Dataset items:
━━━━━━━━━━
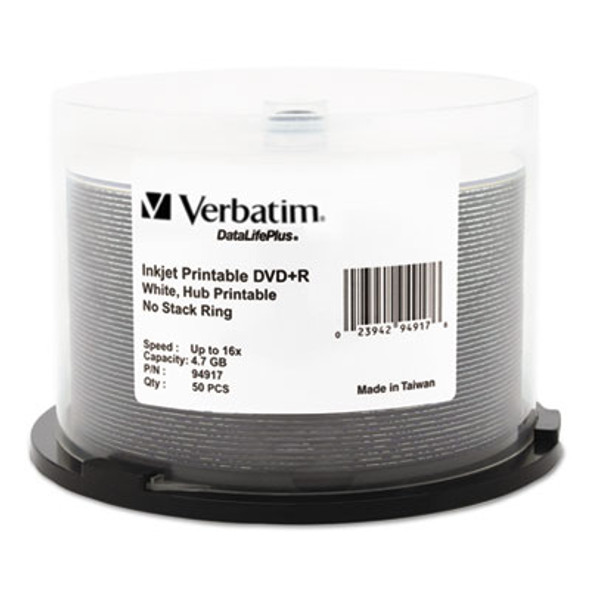 Dvd+r Recordable Disc, 4.7 Gb, 16x, Spindle, Hub Printable, White, 50/Pack
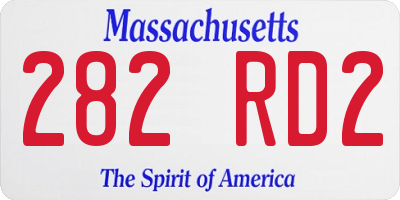 MA license plate 282RD2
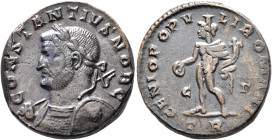 Constantius I, as Caesar, 293-305. Follis (Silvered bronze, 24 mm, 12.00 g, 12 h), Treveri, circa 296-297. CONSTANTIVS NOB C Laureate and cuirassed bu...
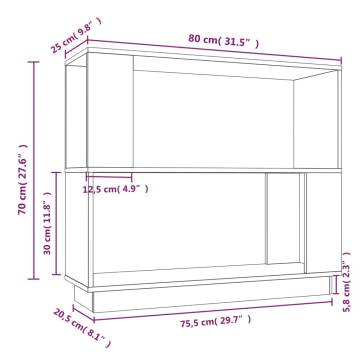 Book Cabinet/Room Divider Honey Brown 80x25x70 cm Solid Wood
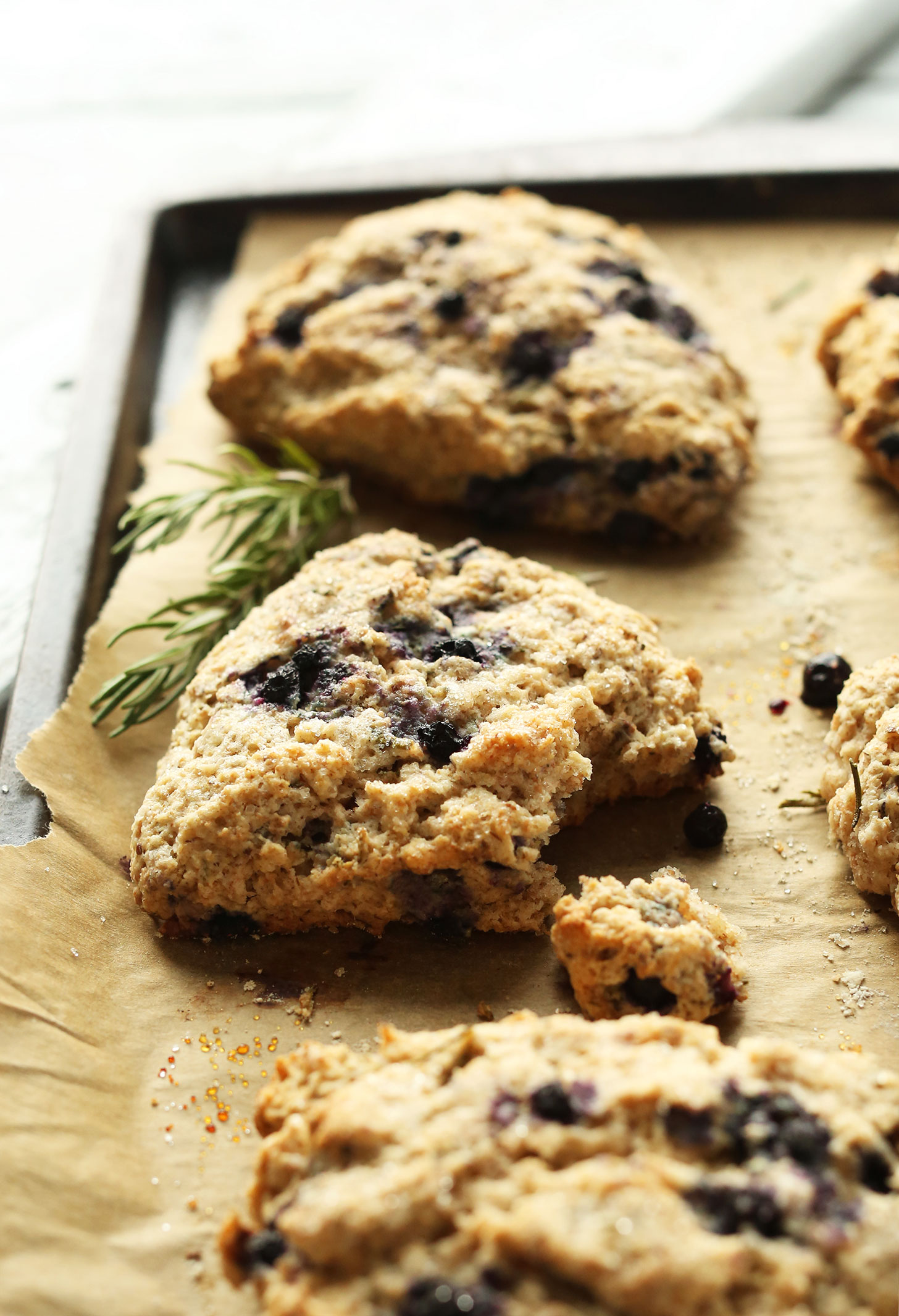 Delicious 30-Minute Rosemary Blueberry Scones made with spelt flour, coconut oil, and fresh rosemary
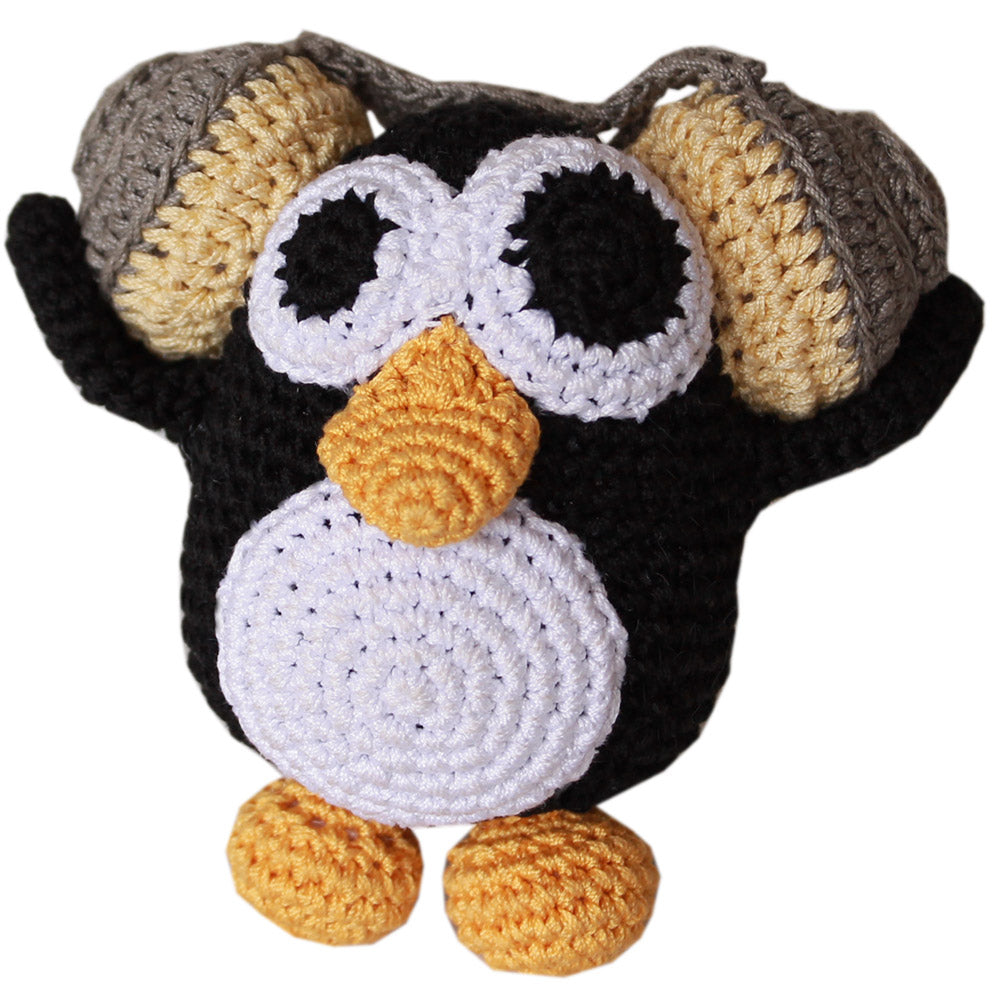 Pinguim Hípster Crocheted Knick Knack Brinquedo para Animais de Estimação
━━━━━━━━━━
__TASK ITEM__: Reproduce the lines from the one with "Constantius I, as" through the end of the data, keeping both end lines, adding nothing, and dropping any pictures.

__ANSWER__:
 Constantius I, as Caesar, 293-305. Follis (Silvered bronze, 24 mm, 12.00 g, 12 h), Treveri, circa 296-297. CONSTANTIVS NOB C Laureate and cuirassed bu...
 Book Cabinet/Room Divider Honey Brown 80x25x70 cm Solid Wood
 Delicious 30-Minute Rosemary Blueberry Scones made with spelt flour, coconut oil, and fresh rosemary
 Pinguim Hípster Crocheted Knick Knack Brinquedo para Animais de Estimação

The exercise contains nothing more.